Closed olibclarke closed 5 years ago
Hmm - it completed, but all the micrographs it has written are full of NaNs. the command I used was:
topaz preprocess -s 8 -o processed/micrographs/ J89/motioncorrected/*doseweighted.mrc
I have run this on other micrographs processedin the same way without issues - am I doing something obviously dense?
You can turn on progress notifcation with the -v flag.
That's a weird error. I haven't seen NaNs pop up in micrographs after preprocessing before. Are you still on v0.2.1 of topaz?
Yep, on 0.2.1. Interestingly, if I process a single micrograph it looks normal (see attached) - it is only when processing all at once that they are all filled with NaNs.

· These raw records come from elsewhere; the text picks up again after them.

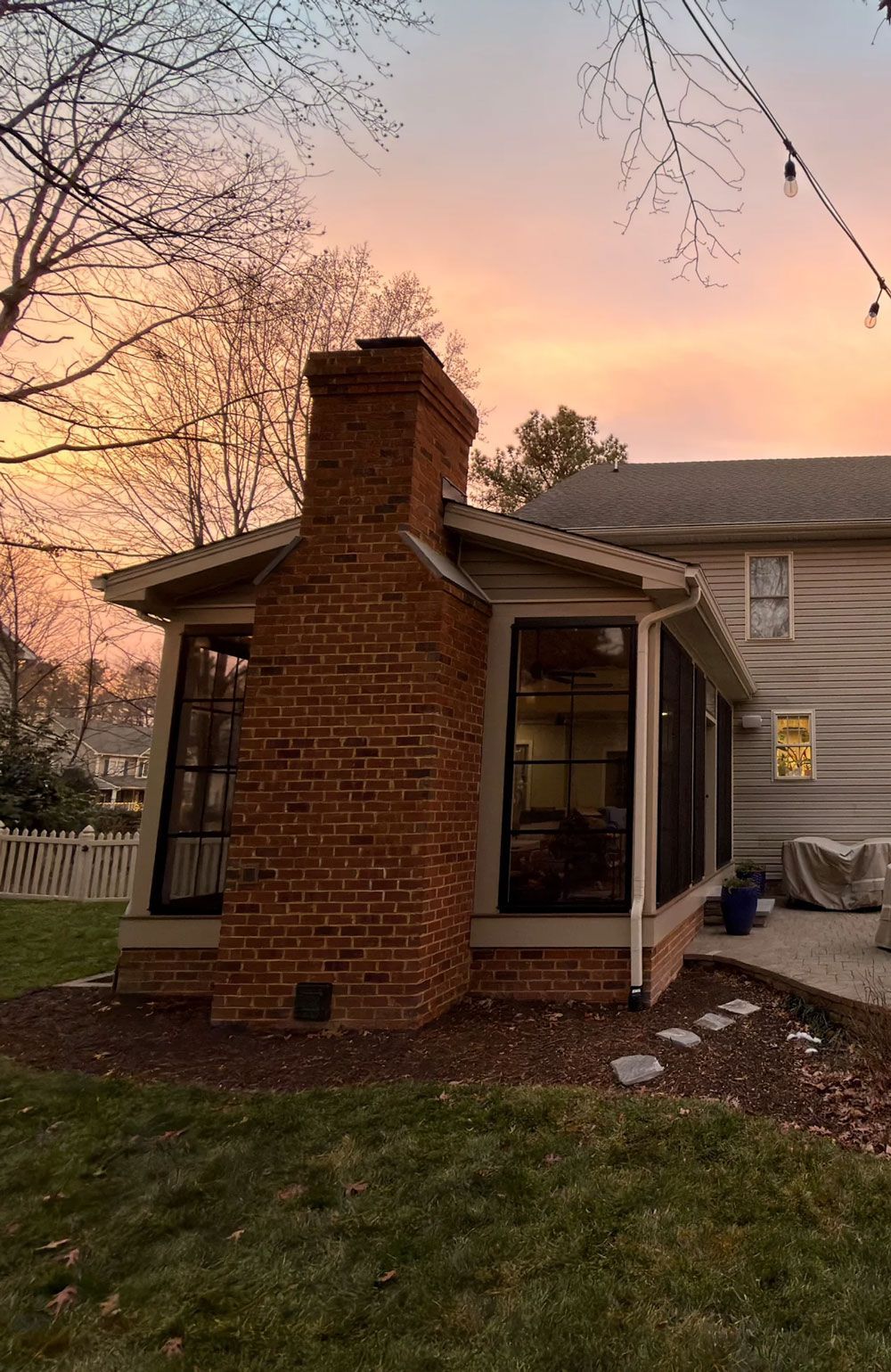 Brick chimney on screened porch, sunset sky.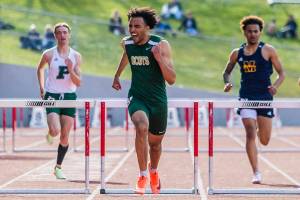 Shorecrest’s Amado Toyo yells as he crosses the finish line to win the 300 Meter Hurdles during Eason Invitational track and field meet on Saturday, April 23, 2022 in Snohomish, Washington. (Olivia Vanni / The Herald)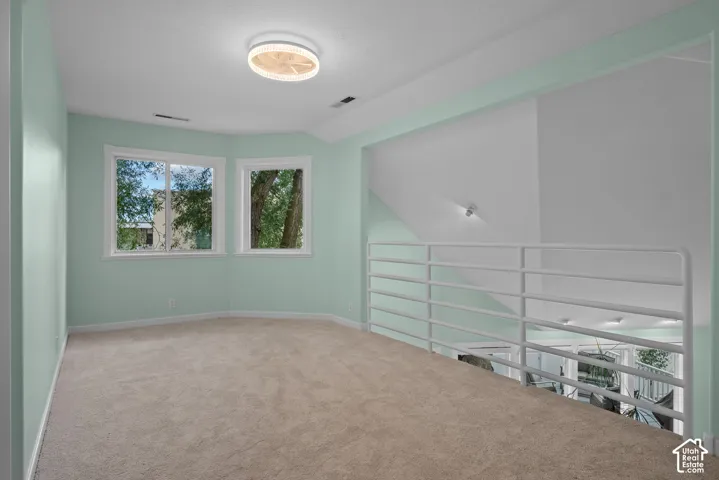 Carpeted loft space with a modern flush-mount light fixture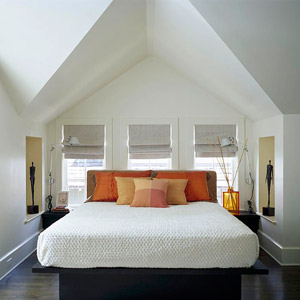 bed in nook with  bright pillows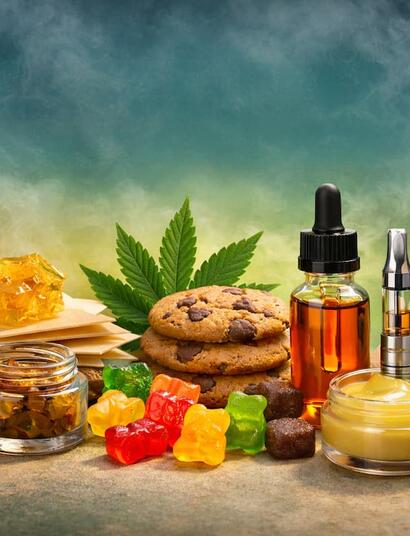 Horizontal image showing an assortment of non-smokable cannabis products arranged on a table, including a bottle of THC syrup with a spoon, golden shatter and wax concentrates, cannabis-infused gummies and cookies, a tincture dropper bottle, vape cartridge, transdermal patch, infused topical cream, capsules, and a cannabis leaf in the background.
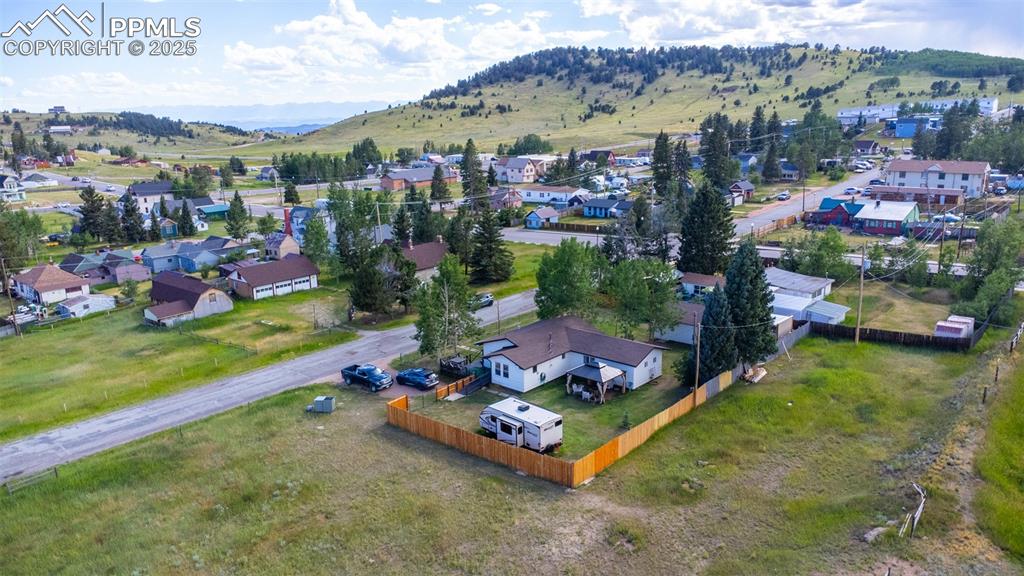 Image 33 of 34: Aerial perspective of suburban area featuring a mountain backdrop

Interesting, you may be in some sort of bad corner case for the parameter estimation algorithm. Does it require the whole dataset to cause the error or is there some sort of minimal subset you could share with me for debugging?
That said, I changed the algorithm in the current version of topaz on github which will likely fix the problem. It hasn't been released as a stable version on conda, etc., yet, but you can install it by pulling the most recent github release. It allows micrographs to be processed in a stream and for preprocessing to be GPU accelerated as well.
Not sure - I'll take a look and see if I can find a smaller subset that shows the issue, so far I've only tried the whole dataset or one micrograph
It would probably be faster to just switch to the most recent topaz version here. Also, if the per micrograph run looks fine, then I would just go with those.
you mean just running topaz preprocess
in a for loop across all the mics? I can do that. I'll try the dev branch, too
Yeah, that's what I meant.
Since this seems to a bug in the old algorithm, I'm going to close this issue. If it does come up in the dev version or you have any other questions about it please open a new one.
Hi,
When running topaz_preprocess to downsample and normalize, it would be nice if it gave an indication of how long it was going to take. I am running it on a large (3300 mic) dataset right now, and with 24 workers it has already taken ~30min, with no indication (apart from running processes) that it is doing anything - no mics written and nothing written to stdout. Is it normal that it does not output the processed micrographs until the end?
Cheers Oli